MobileGo vs. Bitcoin
MobileGo was down nearly 9% in the previous update but is now starting to recover against bitcoin as the short-term range support is holding. If bulls are able to stay in control, a bounce back to the range resistance near 0.00035 could take place.
MobileGo volumes have ticked higher over the weekend but this was primarily due to the bitcoin selloff that took place. Many blamed this on fears of a bitcoin hard fork and larger companies starting to join in on the selloff. If this carries on, MobileGo could be in for a larger climb past the resistance and onto the 0.00040 handle.
MobileGo vs. Ethereum
Against ethereum, MobileGo previously completed a double top breakdown visible on its longer-term time frames but it seems to be making a pullback to nearby support levels.
Volume is somewhat steady against ethereum, although this particular digital asset also suffered a sharp selloff over the weekend. In fact, many are keeping close tabs on the massive declines in cryptocurrencies recently, trying to gauge if further losses are underway and if the bubble is starting to burst.
MobileGo vs.
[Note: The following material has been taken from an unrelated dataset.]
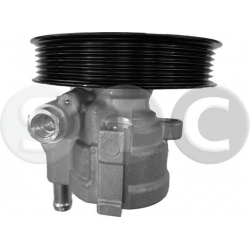 hidraulinis siurblys, vairo sistema
                                STC                                                T45035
USD
Lastly, MobileGo chalked up most of its losses to the dollar one more even after the US economy printed weak data last Friday.
Headline CPI posted a flat reading instead of the projected 0.1% gain while the core version of the report indicated a 0.1% uptick, short of the estimated 0.2% increase. Both headline and core retail sales report revealed a 0.2% decline in consumer spending while the weaker than expected preliminary UoM consumer sentiment index reflected weaker financial confidence.
Only the Empire State manufacturing index is due today and a dip in industry growth is eyed. Weaker than expected readings could mean more losses for the dollar but it’s hard to say whether cryptocurrencies like MobileGo are poised to take advantage.
At the moment, the pickup in risk appetite is being able to benefit stocks and commodities, leaving traditional and alternative safe-havens like gold and cryptocurrencies eating dust.